Use Custom or Downloaded Models#
The bundled MACE model (auto-downloaded with an NGC API key) can be used, or you can provide MACE, AIMNet2, or TensorNet models by downloading them and mounting the model file or directory into the container. Choose the model type below for download hints and the exact arguments to pass when launching the container.
MACE models are for periodic systems only (pbc: true). The default
MACE-MP-0b2-Large model is bundled and auto-downloaded when NGC_API_KEY
is set. To use a different MACE model (for example, a custom-trained model), do the following:
Downloading a MACE model
Refer to the MACE foundation model GitHub [releases](ACEsuit/mace-foundations) for download links. For example:
curl -LO https://github.com/ACEsuit/mace-foundations/releases/download/mace_mpa_0/mace-mpa-0-medium.model
export ALCHEMI_MODEL_PATH=mace-mpa-0-medium.model
Launching the container with MACE
Run the following commands to launch the container:
export ALCHEMI_MODEL_PATH=/path/to/mace.model
export NGC_API_KEY=<Your NGC API Key>
docker run --rm -ti --name alchemi-bgr --gpus=all \
-e NGC_API_KEY \
-p 8000:8000 --shm-size=8g \
-v "${ALCHEMI_MODEL_PATH}:/opt/nim/.cache/mace.model:ro" \
-e NIM_DISABLE_MODEL_DOWNLOAD=true \
-e ALCHEMI_NIM_MODEL_TYPE="mace" \
-e ALCHEMI_NIM_MODEL_PATH=/opt/nim/.cache/mace.model \
nvcr.io/nim/nvidia/alchemi-bgr:${__container_version}
AIMNet2 models are not bundled with the container; download or train a model and mount the model file. For trained models, a selection of checkpoints are available for download from AIMNetCentral, whose links can be used as follows:
Downloading an AIMNet2 model
# Download a model from AIMNet Central (or another source). Mount the contents of the model directory.
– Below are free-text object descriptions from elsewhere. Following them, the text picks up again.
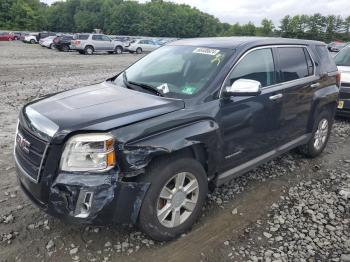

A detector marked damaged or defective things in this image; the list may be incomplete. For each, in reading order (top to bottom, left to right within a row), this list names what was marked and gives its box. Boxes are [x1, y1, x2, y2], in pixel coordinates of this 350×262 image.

shattered headlight [59, 133, 115, 172]
cracked hood [23, 82, 185, 139]
damaged gmc terrain [15, 37, 340, 242]
crumpled front bumper [16, 166, 149, 225] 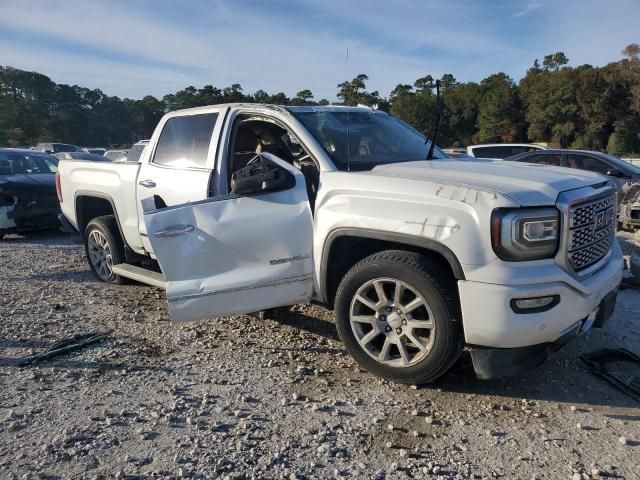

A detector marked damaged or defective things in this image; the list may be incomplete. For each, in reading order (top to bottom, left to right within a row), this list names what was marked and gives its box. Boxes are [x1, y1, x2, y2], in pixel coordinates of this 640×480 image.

damaged truck side [57, 104, 624, 382] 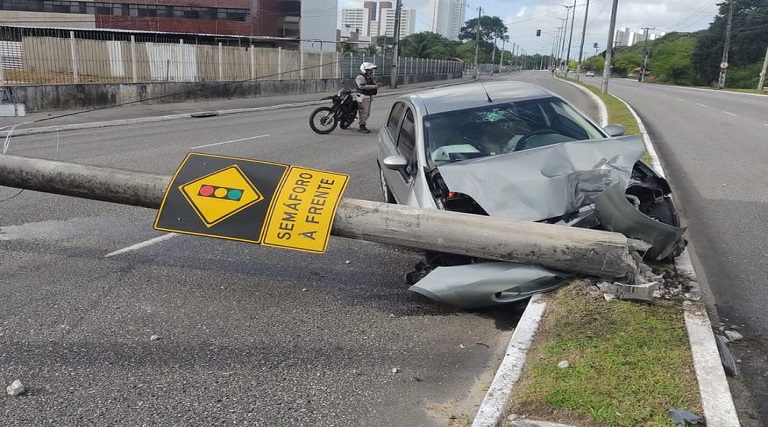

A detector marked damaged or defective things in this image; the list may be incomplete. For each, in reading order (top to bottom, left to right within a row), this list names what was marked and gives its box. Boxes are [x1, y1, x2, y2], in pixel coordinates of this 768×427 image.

shattered windshield [424, 97, 604, 166]
crumpled car hood [436, 136, 644, 224] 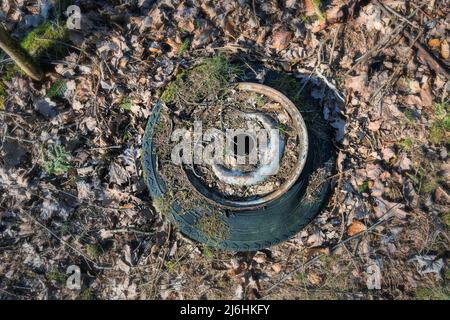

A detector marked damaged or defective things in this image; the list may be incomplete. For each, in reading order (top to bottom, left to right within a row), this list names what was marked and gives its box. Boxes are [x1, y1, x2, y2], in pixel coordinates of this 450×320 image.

rusty metal rim [183, 82, 310, 210] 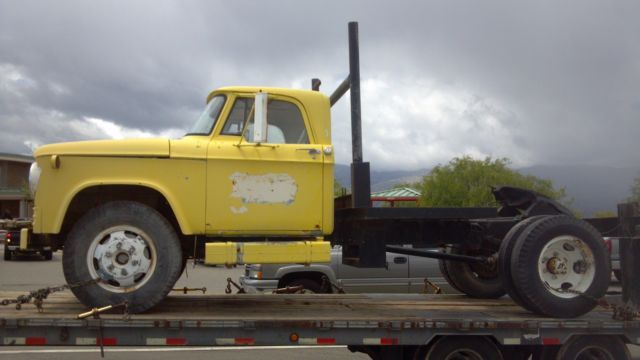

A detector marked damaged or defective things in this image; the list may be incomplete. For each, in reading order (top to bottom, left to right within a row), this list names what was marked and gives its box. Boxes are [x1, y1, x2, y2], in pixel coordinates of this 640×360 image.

peeling paint [230, 172, 298, 204]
curl -OL https://storage.googleapis.com/aimnetcentral/aimnet2v2/AIMNet2/aimnet2_2025_b973c_d3_0.pt
export ALCHEMI_MODEL_PATH=./aimnet2_2025_b973c_d3_0.pt
Launching the container with AIMNet2
Run the following commands to launch the container:
export NGC_API_KEY=<Your NGC API Key>
docker run --rm -ti --name alchemi-bgr --gpus=all \
-e NGC_API_KEY \
-p 8000:8000 --shm-size=8g \
-v "${ALCHEMI_MODEL_PATH}:/opt/nim/.cache/aimnet2.pt:ro" \
-e NIM_DISABLE_MODEL_DOWNLOAD=true \
-e ALCHEMI_NIM_MODEL_TYPE="aimnet2" \
-e ALCHEMI_NIM_MODEL_PATH=/opt/nim/.cache/aimnet2.pt \
nvcr.io/nim/nvidia/alchemi-bgr:${__container_version}
TensorNet models are not bundled; download the model and mount it.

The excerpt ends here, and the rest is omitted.